# Digifiz digital wannabe dash in 2001 Cabrio, suggestions?



## fletchfx (Nov 18, 2004)

Not sure if this has been attempted yet, but what the hell.
Back in the late 80s, VW offered a digital dash cluster called
the Digifiz in some of its models, I am sure most if not all of 
you have heard of this thing, I think it was based on the A2 
dashes, but don't quote me on that. They were never offered in 
the US and if you should happen to get your hands on one, you 
need all kinds of extra sensors and wiring to get it up and running.
I helped a buddy of mine design a digital dash for his Ford ZX2, so
I pretty much have everything I need to work with as far as the
speedo, odometer, tach, temp gauge and fuel gauge. Just have to do 
a little adjusting to the code to work with a Cabrio. I landed myself
an MK3 dash from a Jetta on Ebay the other day, so I have my doner
dash on the way.
Here is a crude mock up of what I am going to make it look like:








Gauges: Speeo, tach, fuel, water temp (fuel and water temp are
the bar graphs on the right.) Idiot lights in the middle and
the bottom row is the clock, odometer, MAF (going to have to build
this from scratch). The other cool thing is that the VW emblem on
the left lights up. Unfortunately everything is going to be
red, they do not make blue LED displays yet!
Here is the original Digifiz guages that I am basing it on.








I really did not want to wait for the doner dash to get here before I
started playing, so I removed my current cluster and took it apart to
see what was going to be involved with this mod. I was amazed to find
that the internal dash of the MK3 is one big PCB board with everything
soldered to it, but plenty of room to work if I remove the clusters
from the board. While I had it apart, I took a few pics, here they are
if any one is interested.
















I also had a hell of a time finding the pinouts for the dash. I
did finally find a PDF, but its for a Golf, but it should be about
the same as the Cabrio. But as far as giving you clear information on
what pin is what, its not clear at all. I was able to figure out where
the speed sensor and tach signal wires are and tried to tap into them
for testing. The sad part is that 90% of the wires going into the back 
of the dash are white, no color coding at all. The only way to figure 
them out that I can see, is to count pins on the connectors and then 
follow the wire from there. If I can figure out the pins, I will post
the mapping.
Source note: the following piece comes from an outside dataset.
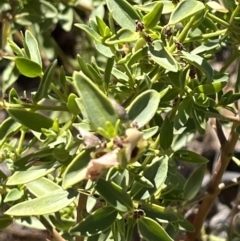 Prostanthera striatiflora at Broken Hill, NSW - 18 Oct 2023 12:29 PM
If anyone has the mapping already, I would be grateful if 
you could post the info, at least for the water temp and fuel guage.
If anyone has any suggestions on other guages I might add to this, bring 
em on. I have considered an Air Fuel guage and oil pressure, though I will 
need to add another sensor to it. Also could put in a quater mile timer 
right into the cluster!! Any comments or suggestions, any at all good or bad?
Little more info:
With the help of a digital meter and some really screwy wiring digrams of the 2.0, here is what I was able to come up with for the wiring in the back of the dash. Yes some of this stuff does not appear to be on the Cabrio, but it may be on the Golf or Jetta.
Before I go any further, please be aware, I make no claims of the legitamacy of this information, if you are using it for troubleshooting or other info to work on your car, please do not consider this a definitive source, test everything for your self, get some coffee, have a smoke, then test again to be sure.
If you remove your dash there is to connectors, on is white and one is red. you can figure out which pin is #1 by looking in the connector on the dash itself once you seperate the cluster from its connector. Here is the pin outs:
White connector (black connector on cluster)
pin 1 - Outside air temp
pin 2 - Coolant level
pin 3 - Break warning lamp
pin 4 - Multi function in (to the maf stalk)
pin 5 - Ground to engine block
pin 6 - Multi function in (to maf stalk)
pin 7 - Tach info from mototronic
pin 8 - Oil pressure switch (from filter housing)
pin 9 - Oil pressure switch (from cylindar head)
pin 10 - to mototronic (not sure what it does, probably common/ground)
pin 11 - Constant hot even with key off
pin 12 - Illumination in (from dimmer module)
pin 13 - Ignition (not sure if its ground or positive, will update when I test)
pin 14 - Break pad wear (is this really a feature?)
pin 15 - Multi function in (from stalk)
pin 16 - Charing system (Battery info)
pin 17 - Oil Temperature
pin 18 - Break fluid/parking break
pin 19 - outside air temp (other side of sensor)
pin 20 - Check engine light (controlled by mototronic)
pin 21 - Fuel gauge
pin 22 - Left turn signal lamp
pin 23 - Engine coolant temp
pin 24 - Right turn signal lamp
pin 25 - High beam light
pin 26 - To mototronic (not sure what for)
pin 27 - Speed sensor
pin 28 - Signal from transmission
Red connector - this one only has a few wires going to it
pin 1 - Air bag
pin 3 - seatbelt light
pin 5 - ABS
pin 16 - Trunk light
pin 17 - Fog lamp
pin 28 - funky idiot light, 4th from right, no clue what it represents
Please be very careful using this information and hooking things up to your car. I put together a small speedo and tapped into the speed sensor wire. I had the little digital speedo running from the cig lighter jack. It worked great, but if its pluigged in before I attempt to start the car, the car will not start!! I assume its has something to do with the anti theft, but once the car is running, I can plug it in and it works fine. I will post some pics of this working in a day or two when I get a chance to get the camera out. Think I am crazy yet?? Just wait....
Road test: Made a compact version of the digital speedo for a road test, here it is, showing a slow mph around my appt complex: LEDs are hard to photograph, the big pic says 16 mph, its pretty accurate as far as I can tell, will find out when I get it out on the highway.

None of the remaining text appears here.